-- INSTRUCTIONS TO FOLLOW --
From the entries that follow, copy exactly the lines beginning at the line holding "Pickup-trucks-with-snow-plows-clearing-snow-in-parking-lot" and continuing through the line holding "man standing in".

-- DATA IN THIS EXERCISE --

= Beginning of Section =

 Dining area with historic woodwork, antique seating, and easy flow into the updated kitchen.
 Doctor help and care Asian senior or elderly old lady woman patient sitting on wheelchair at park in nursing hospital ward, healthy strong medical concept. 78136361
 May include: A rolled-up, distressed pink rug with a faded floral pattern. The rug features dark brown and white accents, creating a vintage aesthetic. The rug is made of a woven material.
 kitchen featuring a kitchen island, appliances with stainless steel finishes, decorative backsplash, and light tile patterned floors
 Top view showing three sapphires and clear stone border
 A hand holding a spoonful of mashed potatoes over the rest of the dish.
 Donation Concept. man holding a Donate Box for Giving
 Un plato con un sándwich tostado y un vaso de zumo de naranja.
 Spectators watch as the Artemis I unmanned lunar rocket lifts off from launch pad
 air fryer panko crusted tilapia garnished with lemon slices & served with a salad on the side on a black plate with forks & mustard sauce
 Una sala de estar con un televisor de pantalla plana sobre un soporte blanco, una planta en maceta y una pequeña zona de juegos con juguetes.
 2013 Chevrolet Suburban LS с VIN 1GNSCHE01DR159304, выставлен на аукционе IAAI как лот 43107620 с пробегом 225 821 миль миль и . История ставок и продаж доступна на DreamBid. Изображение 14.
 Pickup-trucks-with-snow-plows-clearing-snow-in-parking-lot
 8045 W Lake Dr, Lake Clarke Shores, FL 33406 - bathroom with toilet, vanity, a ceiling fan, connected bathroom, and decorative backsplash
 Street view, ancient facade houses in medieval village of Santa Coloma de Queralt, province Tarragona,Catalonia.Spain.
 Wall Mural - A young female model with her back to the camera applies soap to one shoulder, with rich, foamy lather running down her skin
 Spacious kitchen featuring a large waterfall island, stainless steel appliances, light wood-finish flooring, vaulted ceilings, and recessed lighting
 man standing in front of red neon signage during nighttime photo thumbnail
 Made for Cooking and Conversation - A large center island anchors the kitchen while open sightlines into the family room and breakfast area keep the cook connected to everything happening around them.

= End of Section =

-- RESPONSE FOR THIS EXERCISE --
 Pickup-trucks-with-snow-plows-clearing-snow-in-parking-lot
 8045 W Lake Dr, Lake Clarke Shores, FL 33406 - bathroom with toilet, vanity, a ceiling fan, connected bathroom, and decorative backsplash
 Street view, ancient facade houses in medieval village of Santa Coloma de Queralt, province Tarragona,Catalonia.Spain.
 Wall Mural - A young female model with her back to the camera applies soap to one shoulder, with rich, foamy lather running down her skin
 Spacious kitchen featuring a large waterfall island, stainless steel appliances, light wood-finish flooring, vaulted ceilings, and recessed lighting
 man standing in front of red neon signage during nighttime photo thumbnail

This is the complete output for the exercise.